Since then, though, the Red Sox have recovered. While the Yankees have gone 7-3 over their last ten games since facing Boston, the Red Sox have also gone 7-3 since leaving the Bronx. They just wrapped up a three-game sweep of Toronto in which they scored 24 runs and gave up just 11. This weekend’s match-up features two hot teams playing for right now.

The Yankees, as we well know, have not had much luck in Boston this season. They’re 0-6 in Fenway, and barring an October match-up, this weekend’s trip will be the last of the season. Tyler Kepner explored how the Yankees have something to prove in Boston.

This weekend, though, goes well beyond something to prove. This weekend will determine the AL East. We’ll find out if the Yankees have to worry about the Red Sox. We’ll find out if the Red Sox can mount a comeback.

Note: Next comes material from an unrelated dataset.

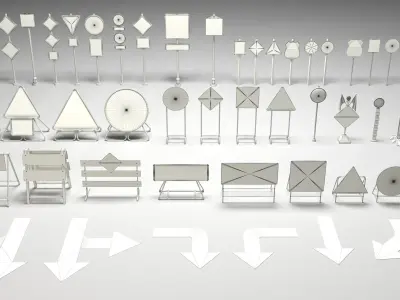 Road Signs - 51 pieces 3D model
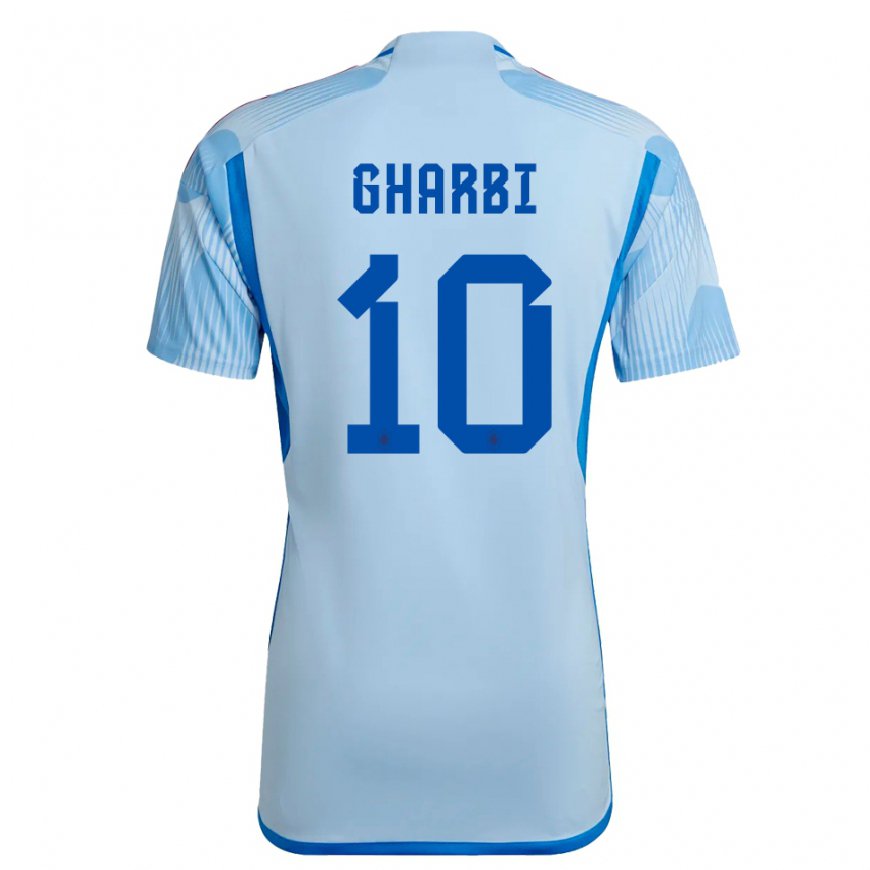 Kandiny Mujer Camiseta España Ismael Gharbi #10 Cielo Azul 2ª Equipación 22-24 La Camisa Chile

We’ll find out if the very hot Yankees can come into Fenway and make a statement.

As things stand right now, the Yankees are 6.5 games up, and they can leave Fenway in one of four positions. They could sweep and be 9.5 games up. September would be a cakewalk for them. They can win two of three and head home with a comfortable 7.5 game lead. They could lose two of three and find themselves 5.5 games up. Or they could find themselves on the wrong end of yet another Fenway sweep and feel the Red Sox breathing down their necks just 3.5 games out of first.

Of course, we’ll hope for the three-game sweep but be satisfied with two of three. Even that outcome would strip four games off the Yanks’ Magic Number, and the pitching match-ups favor the Bombers. How will it end is anyone’s guess, but it’s bound to be a wild weekend no matter what. In Fenway, it always is.